United States District Court, D. Vermont
Mar 23, 2022
Civil Action 2:19-cv-182 (D. Vt. Mar. 23, 2022)

Opinion

Civil Action 2:19-cv-182

03-23-2022

Robert J. Zulkoski, Plaintiff, v. Edward Greene, Defendant.


REPORT AND RECOMMENDATION (DOC. 20)

Kevin J. Doyle United States Magistrate Judge.

This is an action for breach of contract and breach of the covenant of good faith and fair dealing brought by Plaintiff Robert Zulkoski against Defendant Edward Greene for failure to make full payment on the parties' Promissory Note. (Doc. 1.) Pending before the Court is Plaintiff's Renewed Motion for Default Judgment pursuant to Fed.R.Civ.P. 55(b). (Doc. 20.) As explained below, I recommend that the Court grant the Renewed Motion and enter judgment against Defendant and in favor of Plaintiff in the amount of $343,000.

Factual and Procedural Background

On January 28, 2012, the parties executed a Promissory Note in which Defendant promised to repay Plaintiff the sum of $200,000 plus interest of 10% per year on any unpaid balance, upon demand by Plaintiff no sooner than August 1, 2012. (Doc. 20-1 at 2.) Given Defendant's apparent failure to pay under the terms of the Note, in an August 31, 2013 email Plaintiff proposed a “new interest rate” of 15% “starting back at the original due date.” (Doc. 20-2 at 4.) Defendant accepted the modified terms in an August 31, 2013 email: “I am ok with that although the 15% retroactive seems high. However, your forbearance should be compensated and if you feel this is the correct pricing, I am obliged to agree.” (Id. at 3.) About a week later, Plaintiff notified Defendant that Defendant owed $226,483.21 in principal and interest as of August 1, 2013 and offered a payment schedule that incorporated the new 15% interest rate. (Id. at 2.) Defendant confirmed that he accepted Plaintiff's terms: “Sent email immediately that said I agreed as outlined with hopes to accelerate asap.” (Id.)

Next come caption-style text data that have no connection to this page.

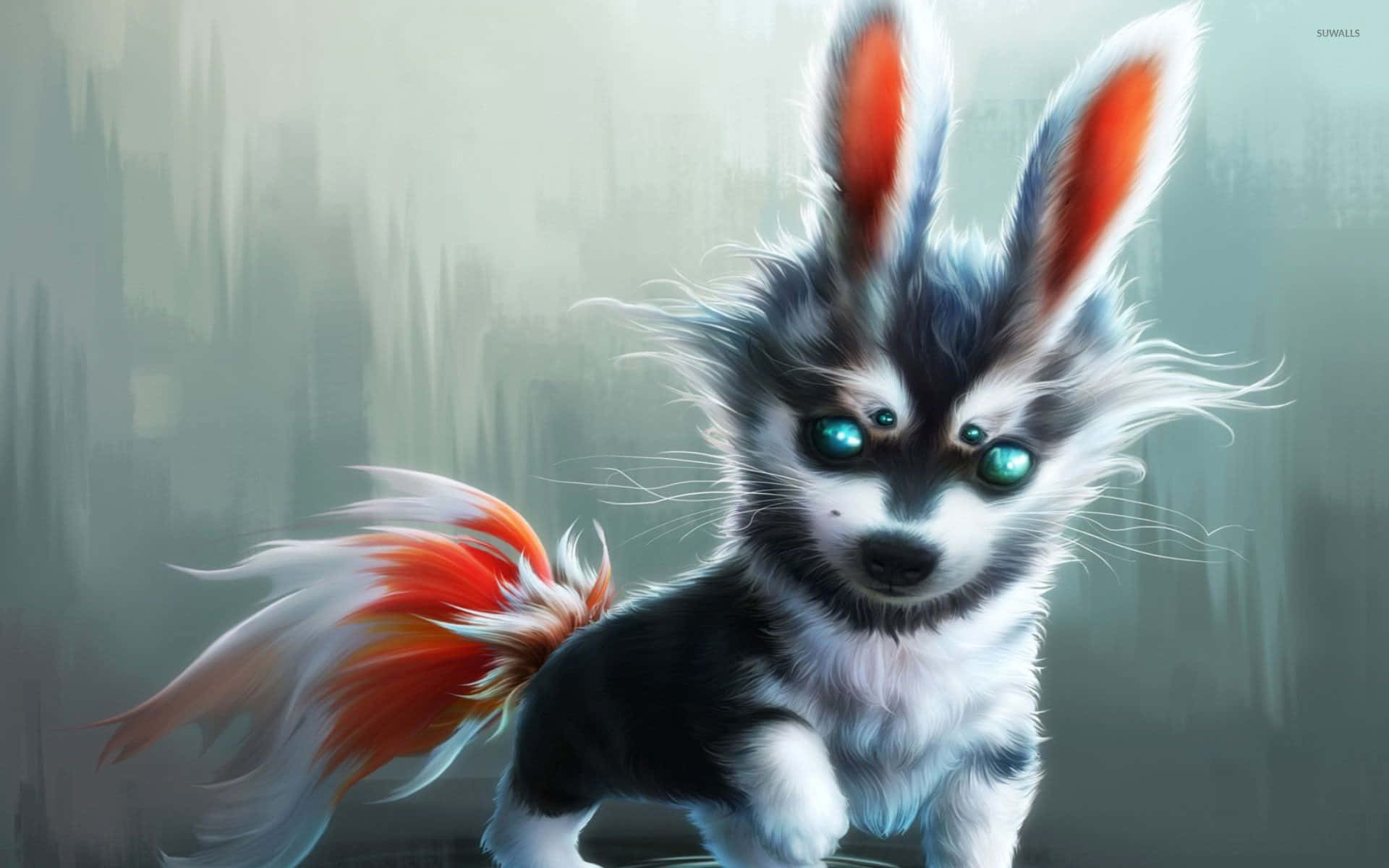 Omhels Jou Innerlike Koel Wolf Muurpapier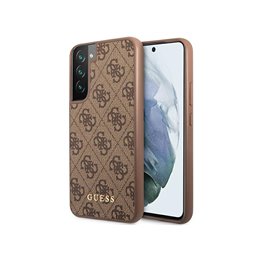 Guess Samsung Galaxy S22 brown hardcase 4G Metal Gold Logo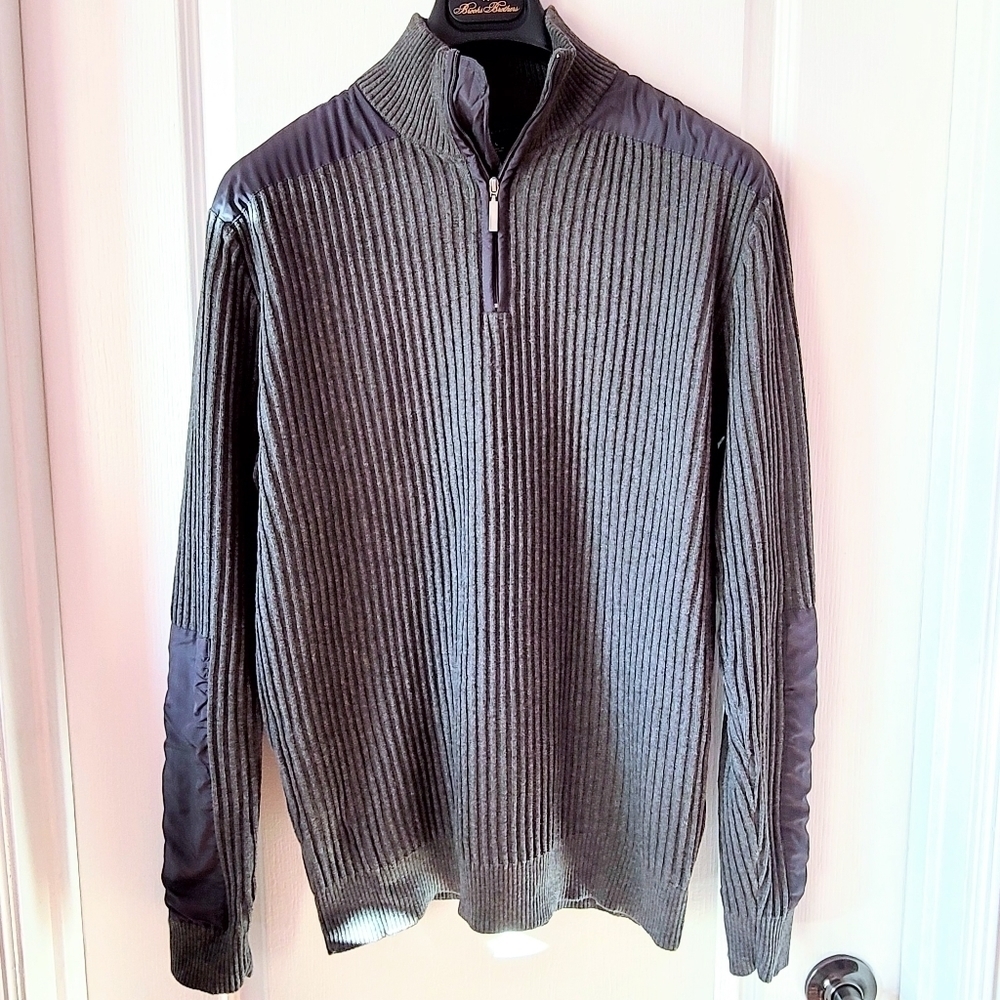 Report Collection Quarter Zip Sweater Gray Large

Despite Plaintiff's many informal demands for payment and two formal demands for payment in August 2015 and September 2019 (Doc. 20-3 at 3, ¶ 6), Defendant has made only two payments on the Promissory Note: the first in October 2014 in the amount of $50,000 (id. at 2, ¶ 5), and the second in September 2021 in the amount of $10,000 (id. at 3, ¶ 7). In October 2019, Plaintiff filed the Complaint in this action, seeking the principal due on the Note plus interest and attorney's fees and costs. (Doc. 1 at 5.) Although Defendant signed a waiver of service of summons and confirmation of his receipt of the Complaint in January 2020 (Doc. 9), he has failed to plead, file a verified answer, or otherwise defend himself in this action. Accordingly, upon receipt of Plaintiff's Application for Clerk's Entry of Default, on May 4, 2020, the Clerk of Court entered default against Defendant under Fed.R.Civ.P. 55(a). (Docs. 11, 12.)

On March 3, 2021, Plaintiff filed a Motion for Default Judgment pursuant to Fed.R.Civ.P. 55(b), asserting that his claim is for “a sum certain or a sum that can be made certain by computation, ” and thus “the Clerk must enter judgment against Defendant” in the amount of $517,628.37. (Doc. 13 at 1, 2; see Doc. 13-3 at 3, ¶ 7; Doc. 13-4 at 2, ¶ 5.) I recommended that the Motion be denied without prejudice and that Plaintiff be allowed to file a renewed motion with additional supporting information. (Doc. 15.)

Plaintiff advised that the Complaint contains “a computational error . . ., leading to [a] misstatement [therein] of the damages due.” (Doc. 13 at 2 n.1.) Therefore, the judgment amount requested in the Motion for Default Judgment was different (less) than the amount requested in the Complaint. (Compare Doc. 1 at 3, ¶ 22, with Doc. 13 at 2.)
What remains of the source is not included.